The characters were one-dimensional and unappealing, which was pretty surprising. The Medici were some of the most fascinating actors in Italian religious, political, and diplomatic history, yet I found their scenes wearying and perplexing. Because of my research, I think I have a decent sense of the motivation for much of their behavior, but I got no inkling of it from reading the novel. The shepherdess who was ‘mad for horses’ and seemed to have a special affinity for them and they for her had such potential as a protagonist, but she came off mainly as self-absorbed, arrogant, and remarkably resistant to understanding anything outside of her own narrow aspiration.

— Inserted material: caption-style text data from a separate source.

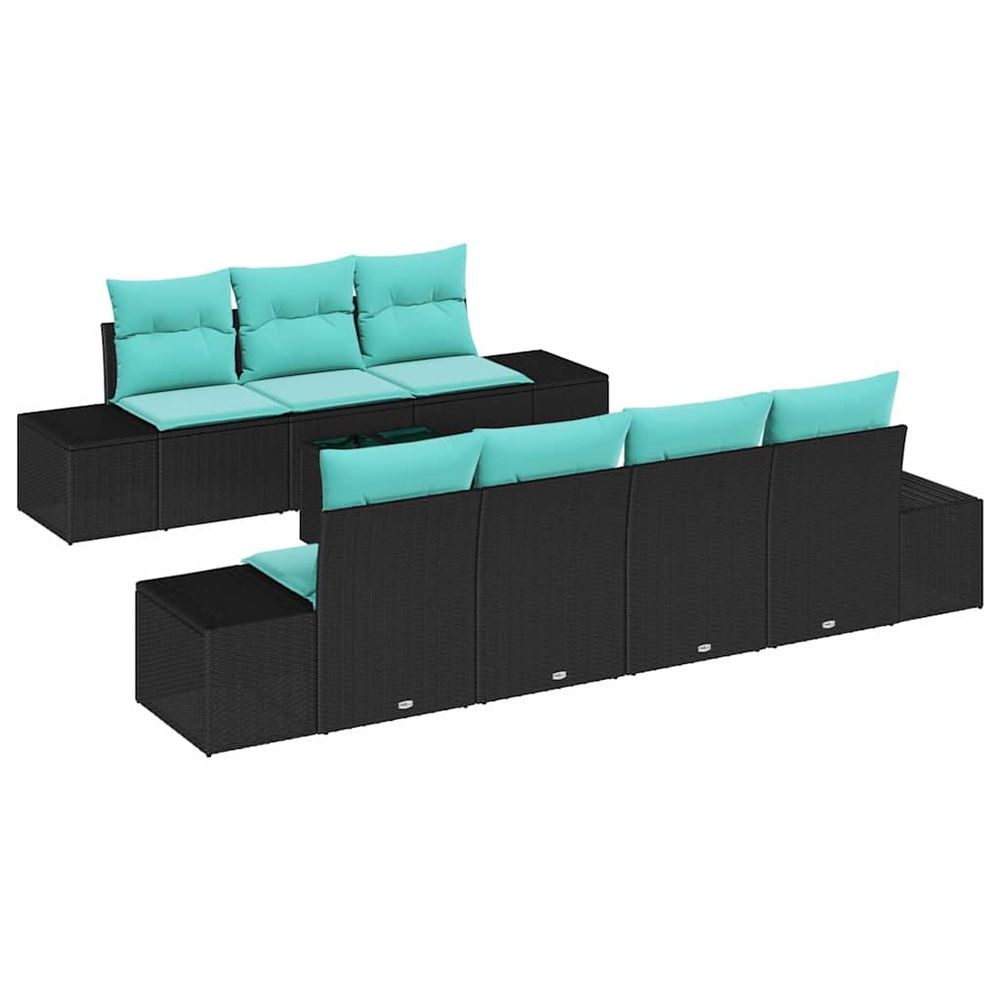 Ensemble de canapé de jardin 8 pc noir et turquoise polyrotin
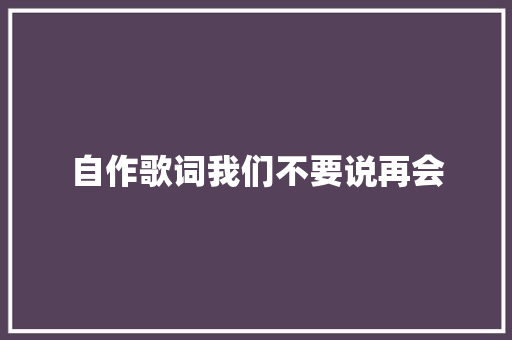 自作歌词我们不要说再会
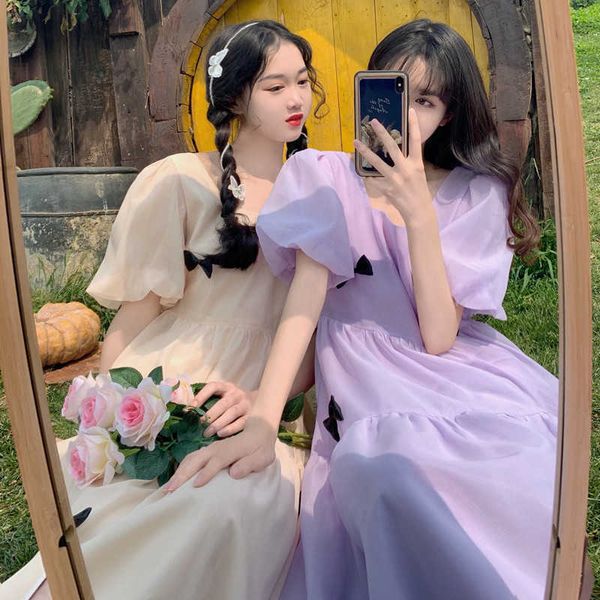 summer sweet gentle purple square neck puff sleeve boworganza princess dress women fairy big swing fashion vestido de mujer 210610, Black;gray
summer sweet gentle purple square neck puff sleeve boworganza princess dress women fairy big swing fashion vestido de mujer 210610, Black;gray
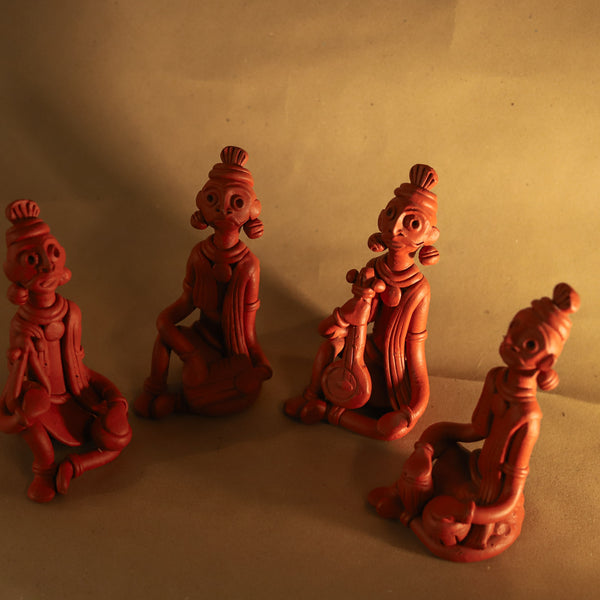 Bengal Terracotta Baul Singer Band Handicraft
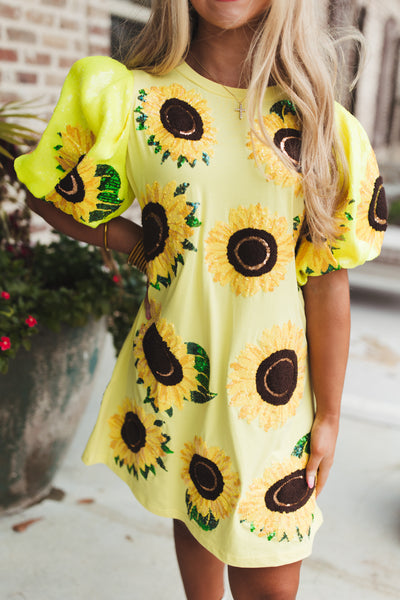 Queen Of Sparkles Yellow Sunflower Poof Sleeve Tee Dress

The book was also rather torturous to read. The dialogue was shallow and took twice as long as needed to impart the emotional or narrative information it seemed designed to convey. I kept plugging, thinking that eventually, the author would start giving some justification for what was happening: explaining the reactions of the conservative peasantry towards Virginia as well as what she and her family and friends realistically hoped for her future (I was pretty amazed that the aunt, who had figured so prominently as the voice of narrow-mindedness and intolerance in Virginia’s first 10 years, never appeared during her training or her early rides!).
Finally, about halfway through, I had to call the time of death on this book. Maybe the author addresses some of these issues in the second half of the novel, but life is too short to continue reading a book that I knew I would pan.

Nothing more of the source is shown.